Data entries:
○ ○ ○ ○ ○ ○ ○

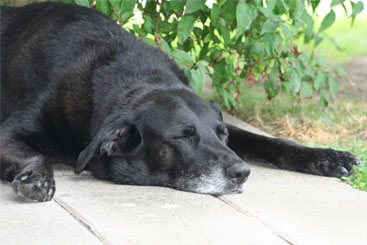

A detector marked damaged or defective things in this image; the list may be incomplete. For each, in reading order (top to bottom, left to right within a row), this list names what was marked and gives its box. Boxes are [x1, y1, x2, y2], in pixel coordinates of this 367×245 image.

crack in pavement [53, 197, 108, 245]
crack in pavement [217, 195, 294, 245]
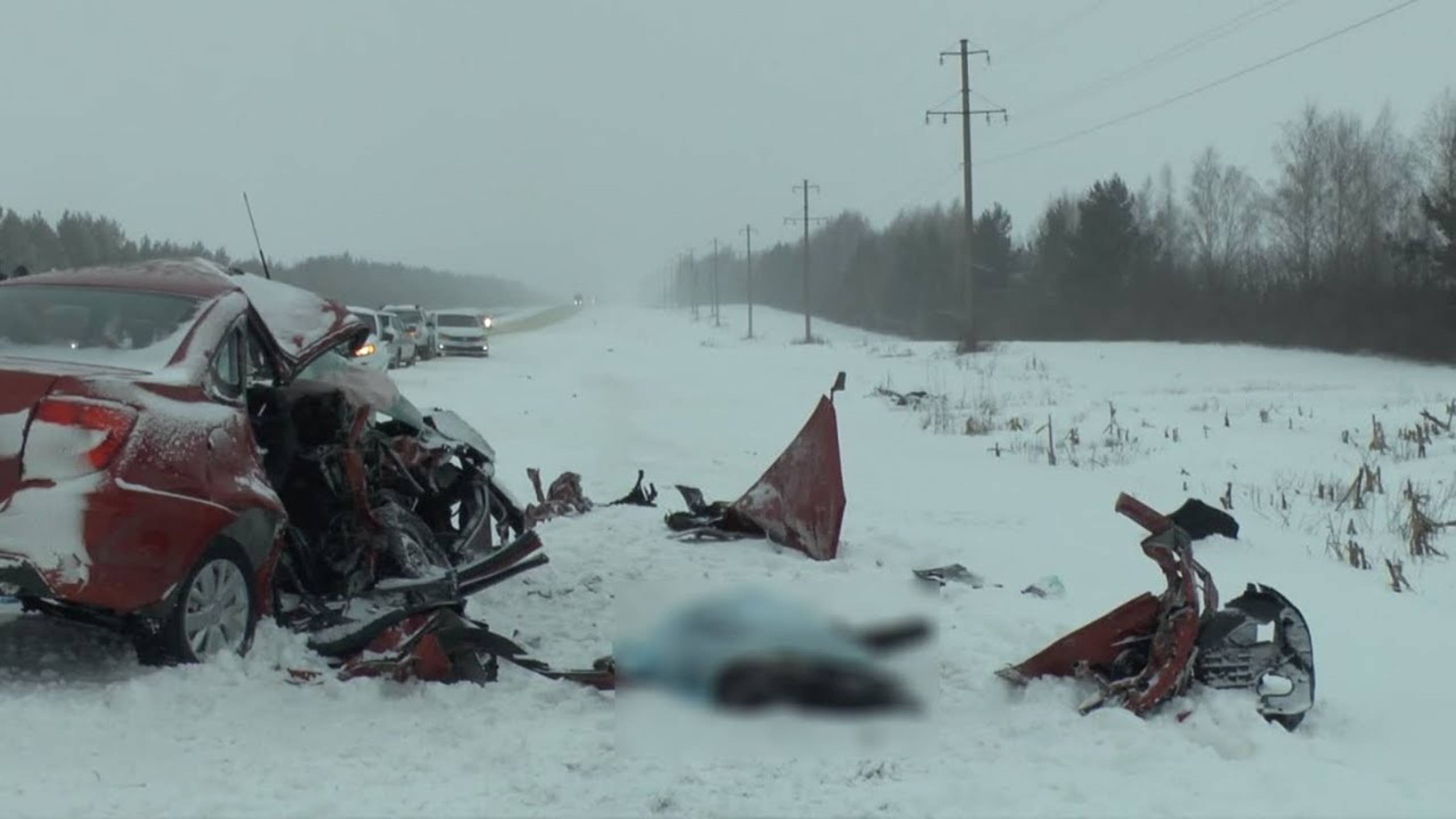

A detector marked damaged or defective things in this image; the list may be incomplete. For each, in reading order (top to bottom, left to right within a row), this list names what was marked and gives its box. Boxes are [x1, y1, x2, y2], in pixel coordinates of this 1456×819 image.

severely damaged red car [0, 259, 557, 673]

○ ○ ○ ○ ○ ○ ○

■ What is expected
Set down every record word for word and leave out the pictures.

■ Expected answer
A detector marked damaged or defective things in this image; the list may be incomplete. For each, in reading order (top to bottom, left to right within a row), this list names what was marked and gives its box. Boxes are [x1, y1, x2, y2], in pixel coordinates of this 367×245 image.

crack in pavement [53, 197, 108, 245]
crack in pavement [217, 195, 294, 245]

A detector marked damaged or defective things in this image; the list may be incomplete. For each, in reading order (top to bottom, left to right within a row), this list names what was marked and gives its box. Boxes are [x1, y1, x2, y2], in pixel coordinates of this 1456×819 image.

severely damaged red car [0, 259, 557, 673]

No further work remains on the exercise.